• Your task: The entries shown here must be retyped in full, with no pictures included.

BEGIN Data to process

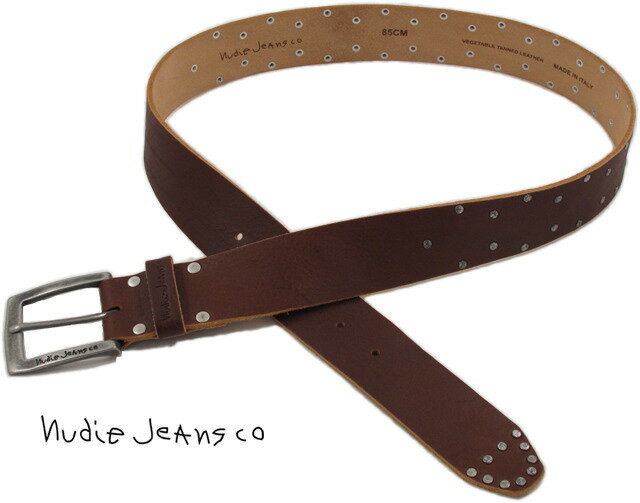 Nudie Jeans co/ヌーディージーンズ STEVESSON BELT STUDS スタッズ入り、レザーベルト/スタッズベルト COGNAC(コニャック)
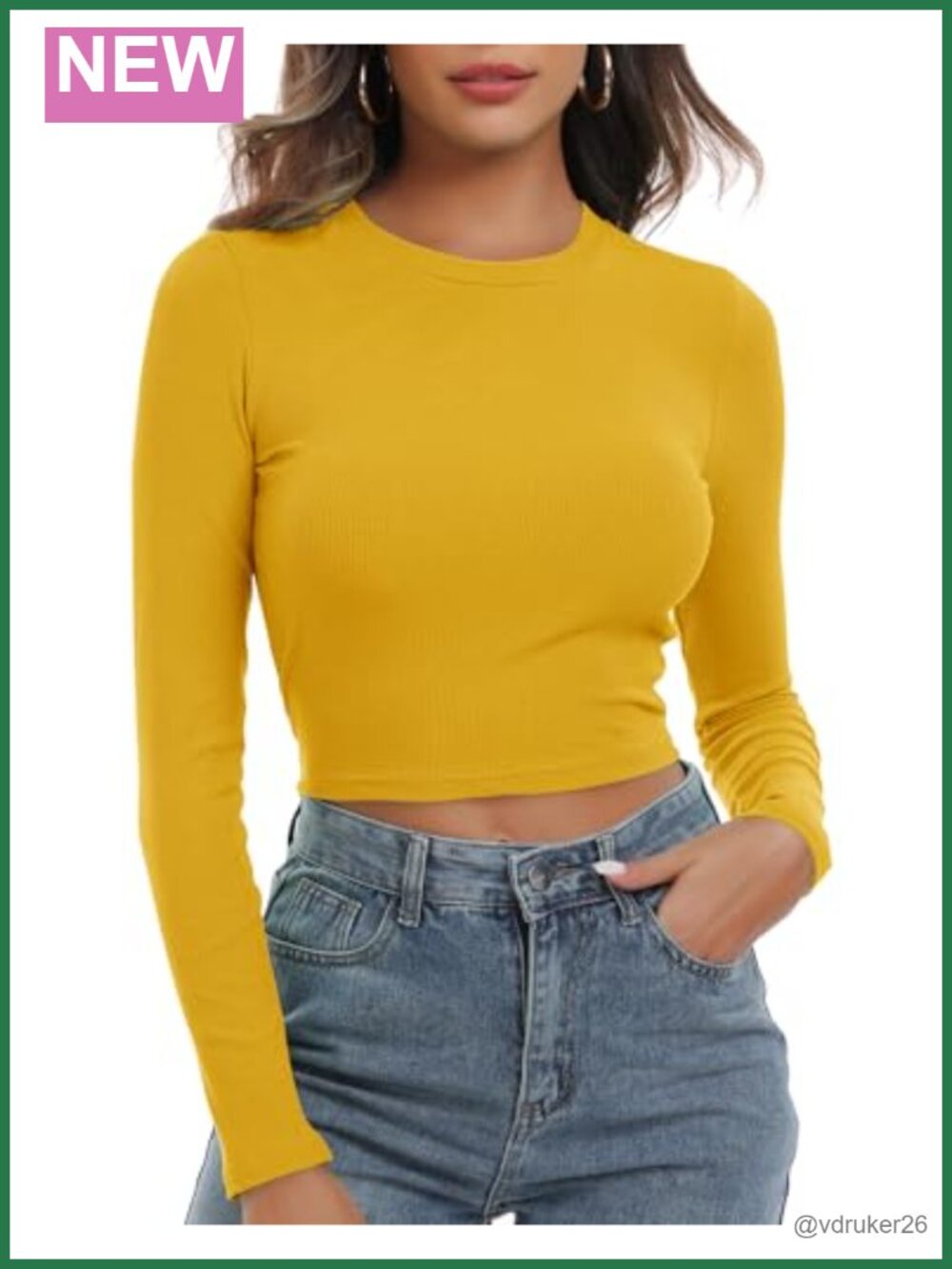 Ribbed Knit Long Sleeve Fitted Crop Top Crew Neck Basic Casual Women's Shirt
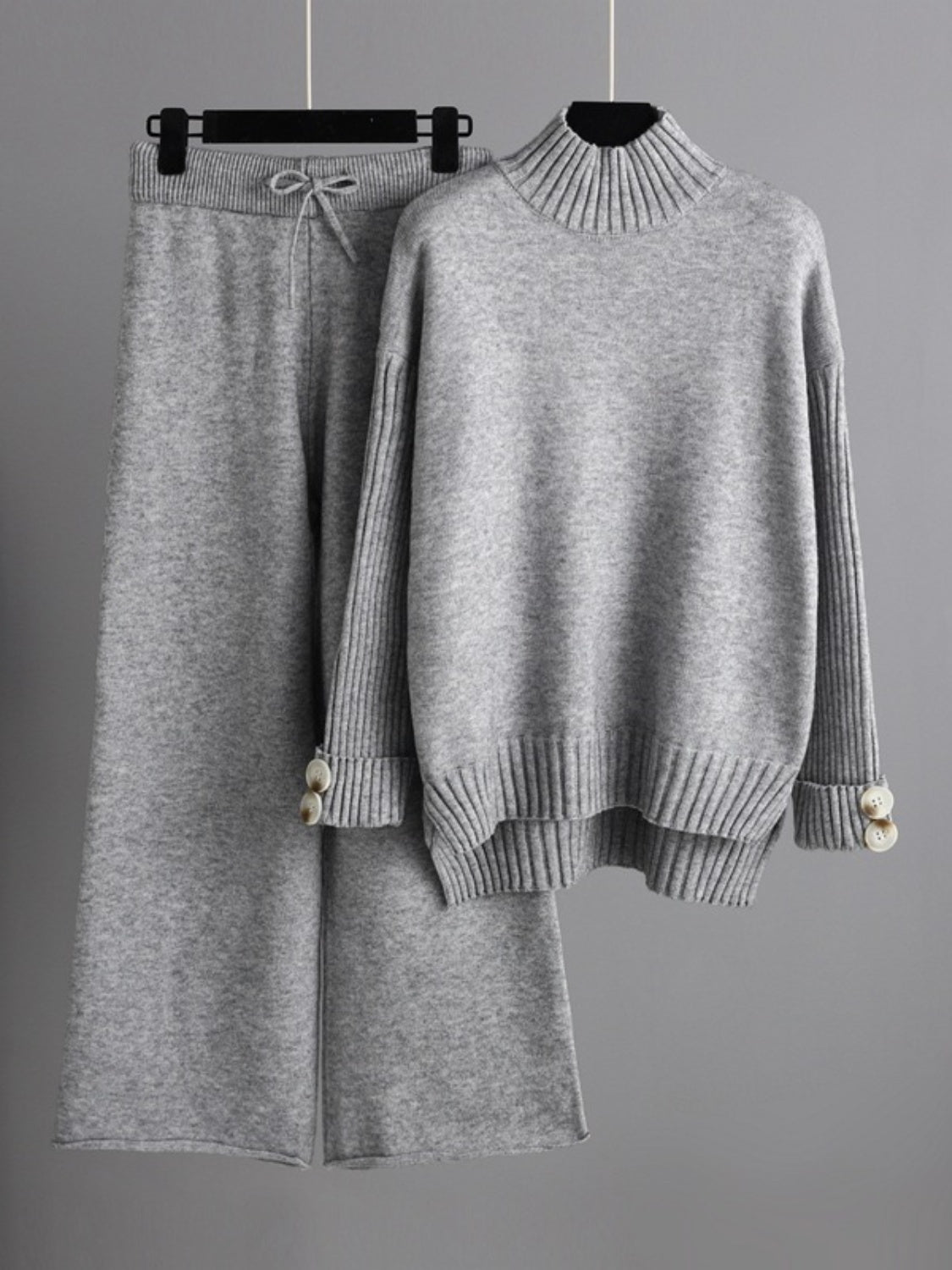 Basic Bae High- Low Turtleneck Long Sleeve Top and Pants Sweater Set Orchid Unique 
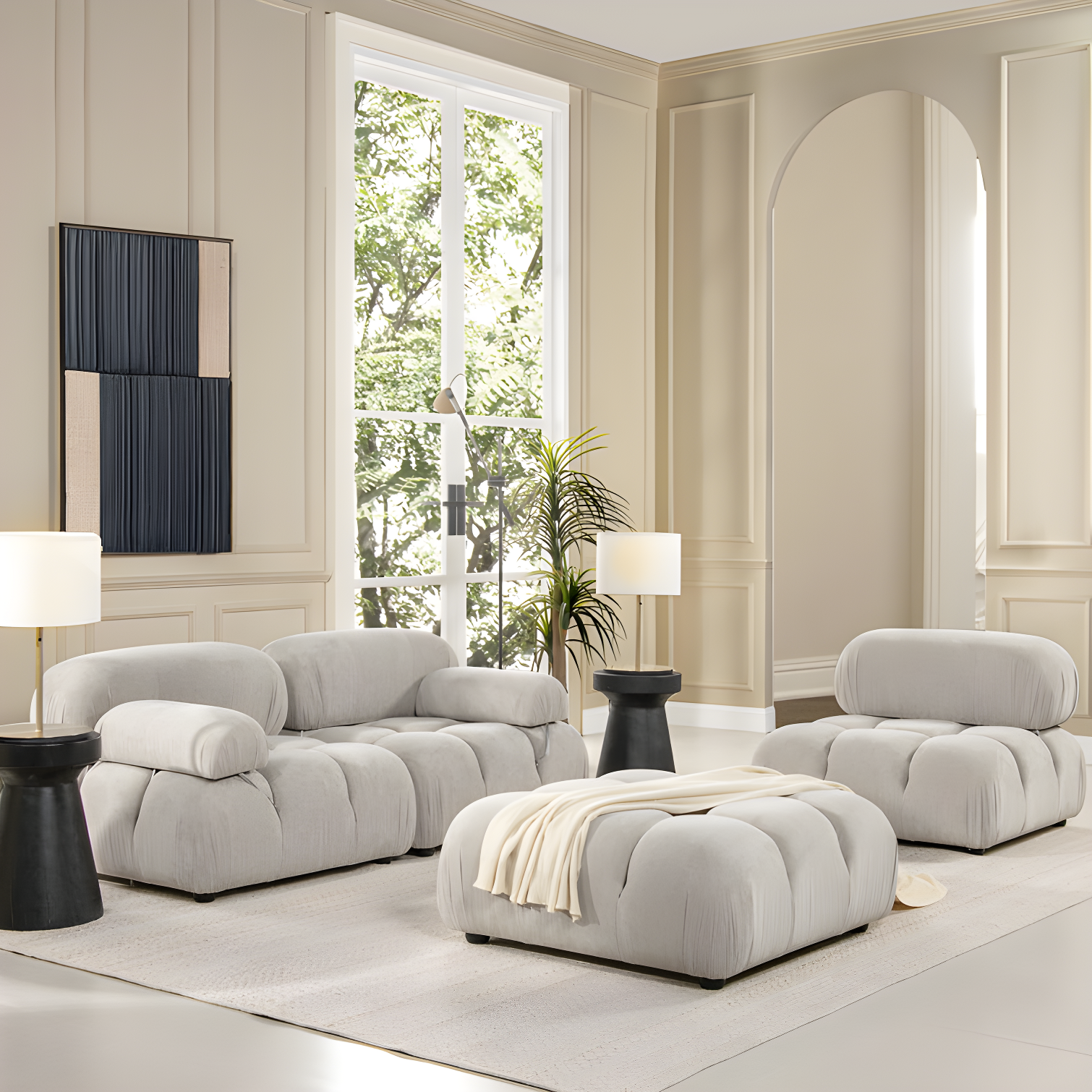 Sigma 4 - Piece Modular Upholstered Reversible L-Sectional
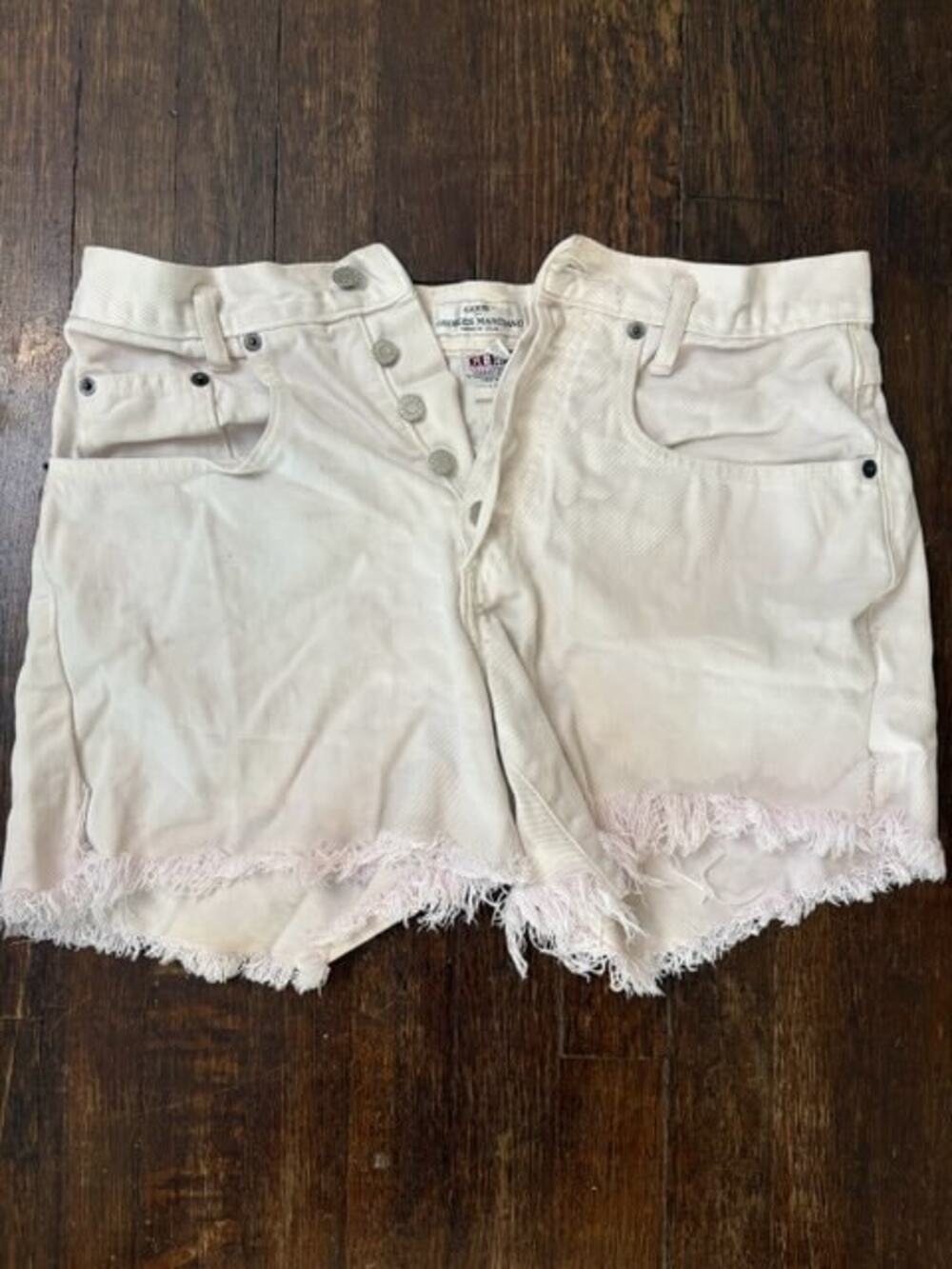 Vintage Guess Georges Marciano Button Fly Cutoff Shorts Size 2 Cream Made USA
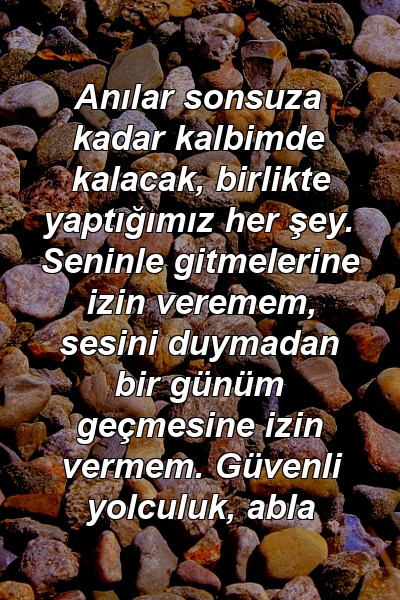 Anılar sonsuza kadar kalbimde kalacak, birlikte yaptığımız her şey. Seninle gitmelerine izin veremem, sesini duymadan bir günüm geçmesine izin vermem. Güvenli yolculuk, abla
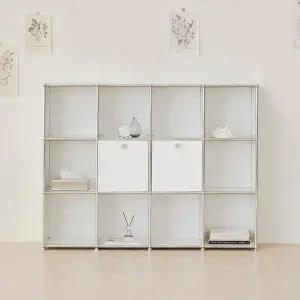 [포스트모던] 발렌 4X3 미드센츄리 모듈 책장 1600 3단 C3 (2도어)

END Data to process

• Expected output:
 Nudie Jeans co/ヌーディージーンズ STEVESSON BELT STUDS スタッズ入り、レザーベルト/スタッズベルト COGNAC(コニャック)
 Ribbed Knit Long Sleeve Fitted Crop Top Crew Neck Basic Casual Women's Shirt
 Basic Bae High- Low Turtleneck Long Sleeve Top and Pants Sweater Set Orchid Unique 
 Sigma 4 - Piece Modular Upholstered Reversible L-Sectional
 Vintage Guess Georges Marciano Button Fly Cutoff Shorts Size 2 Cream Made USA
 Anılar sonsuza kadar kalbimde kalacak, birlikte yaptığımız her şey. Seninle gitmelerine izin veremem, sesini duymadan bir günüm geçmesine izin vermem. Güvenli yolculuk, abla
 [포스트모던] 발렌 4X3 미드센츄리 모듈 책장 1600 3단 C3 (2도어)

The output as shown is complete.